Lee-Ann Curren : De la Compétition des Vagues aux Vibrations Musicales
Le parcours de Lee-Ann Curren incarne une autre facette fascinante de la connexion entre le surf et la musique, celle où l'athlète de haut niveau se mue en artiste, portant en elle les leçons apprises des océans. Lee-Ann Curren a une expérience intime et profonde des vagues, ayant été deux fois championne d'Europe de surf, une distinction qui atteste de son talent et de sa détermination dans le monde exigeant de la glisse. Cependant, la musique n'a jamais véritablement quitté son chemin de vie, demeurant une constante, une passion parallèle qui a toujours vibré en elle.
Elle a formé son premier groupe dès l'adolescence, un signe précoce de son attrait pour l'expression musicale. Néanmoins, confrontée aux réalités du temps et aux exigences d'une carrière sportive de haut niveau, elle a dû, à l'époque, faire un choix difficile : se consacrer entièrement à la pratique du surf, délaissant temporairement la musique faute de temps et de disponibilité. Mais l'appel de l'art était trop fort pour être ignoré indéfiniment. À l'âge de trente ans, ayant fait ses armes et atteint l'excellence dans le surf, Lee-Ann Curren est revenue avec une détermination renouvelée à ses premières amours : la musique. Sous son seul nom d'artiste, elle n'avait jusqu'alors sorti que deux titres, mais cette nouvelle phase de sa vie marque un engagement plus profond et plus structuré dans le domaine musical. Son premier EP, très attendu, était prévu pour une sortie le 24 janvier, signant son retour officiel sur la scène.

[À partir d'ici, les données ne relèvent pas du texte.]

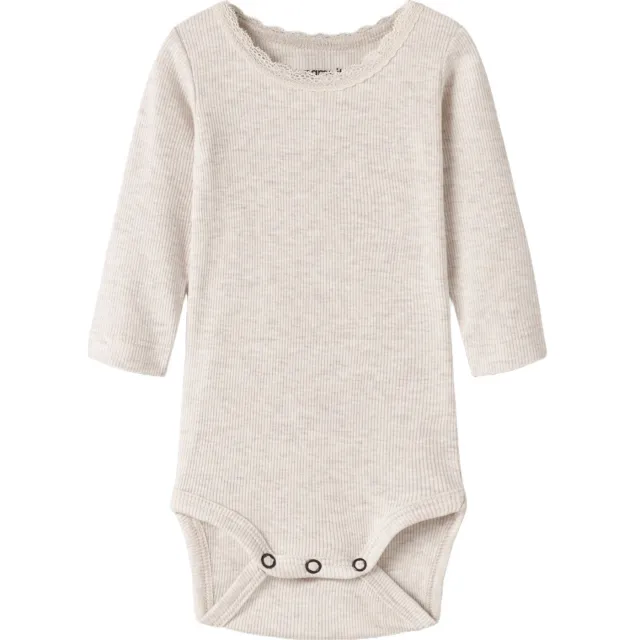 NAME IT BABY romper NBFKAB ecru melange, foto 2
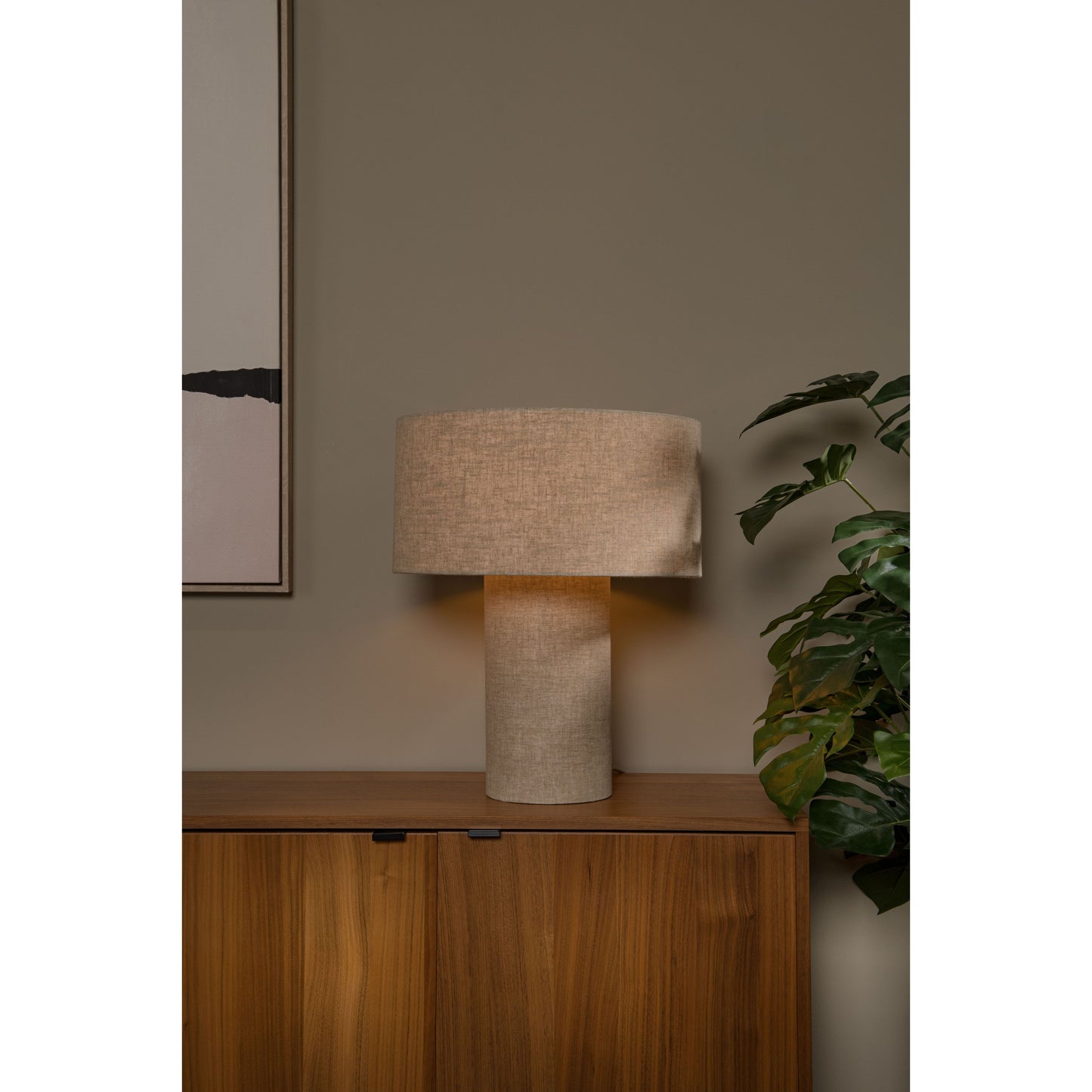 Lucide LEEROY - Table lamp - 1xE27 - Taupe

Elle débarquait cette semaine-là dans la capitale française, non pas avec sa planche de surf emblématique, mais avec une grosse valise et sa guitare accrochée derrière, symbole de sa transition et de ses nouvelles priorités artistiques. La pratique assidue et exigeante du surf lui a conféré des qualités précieuses, des atouts indéniables pour survivre et s'épanouir dans la vie souvent imprévisible d'artiste. Au micro d'Europe 1, elle confiait une leçon fondamentale tirée de son expérience des vagues : "Ça m'a appris à m'adapter". Elle poursuivait sa réflexion en expliquant l'essence même de l'océan et la nécessité d'une flexibilité constante : "Avec l'expérience, on apprend à deviner comment la mer va être, ce qu'il peut se passer, mais tout est toujours en mouvement. C'est d'ailleurs assez dur pour progresser car la vague est toujours différente". Cette capacité à faire face à l'imprévu, à anticiper les changements et à s'y ajuster est, elle en est sûre, une compétence qui lui sera d'une grande aide pour s'imposer et évoluer dans sa vie de musicienne. Elle en tire une conviction claire et directe : "Je pense qu'en musique, c'est bien de savoir s'adapter aussi." L'analogie entre la glisse sur l'eau et la création musicale est frappante : la fluidité, la réactivité, l'écoute des éléments sont autant de qualités essentielles dans les deux domaines. Son parcours illustre parfaitement comment les disciplines, même apparemment distinctes, peuvent s'enrichir mutuellement, forgeant des personnalités résilientes et polyvalentes, capables de naviguer avec aisance entre différentes formes d'expression et de défi.